New Nonprofit Cooperative tries to stop .org domain sale

A few months back, Internet Society declared that they are going to step down from overseeing registrations of websites in the .org domain and it will be passed on to a private firm, Ethos Capital. This deal was in effect at the cost of $1.1 billion. Since then, we have seen that various nonprofit personalities are raising their voice of concern against this sale decision.

Ethos Capital is a specialized private equity investment firm that was found last year only. Reuters reported that nonprofit organizations are against this sales deal because they are concerned that the private entity can now charge the price for registration and renewing of domains. Now, according to news, to tackle this situation, the non-profit organizations have come up with a new nonprofit cooperative corporation that might limit the sales deal to a private company.

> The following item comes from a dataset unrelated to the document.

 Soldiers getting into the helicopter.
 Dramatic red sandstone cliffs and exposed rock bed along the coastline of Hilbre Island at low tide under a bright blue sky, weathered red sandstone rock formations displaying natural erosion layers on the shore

New Nonprofit Cooperative tries to stop .org domain sale
New Nonprofit Cooperative tries to stop .org domain sale

This new cooperative corporation has well-known personalities who have the power to influence up to a certain level. It includes  Esther Dyson, the founding chairwoman of ICANN, Katherine Maher, the CEO of Wikimedia Foundation at directorial positions. Other notable members of this cooperative corporation are ICANN President Michael Roberts, MacArthur Foundation’s Jeff Ubois, and Bill Woodcock of Packet Clearing House.

Ina recent interview to The New York Times, Esther Dyson said “This is a better alternative. If you’re owned by private equity, your incentive is to make a profit. Our incentive is to serve and protect nonprofits and the public.”

Similarly, Wikipedia’s parent organization, Wikimedia Foundation’s CEO Katherine Maher said: “There needs to be a place on the internet that represents the public interest, where educational sites, humanitarian sites, and organizations like Wikipedia can provide a broader public benefit.”

It seems that this cooperative corporation group members have already discussed the matter with U.S. Congress to suggest Internet Society to reconsider this controversial sale.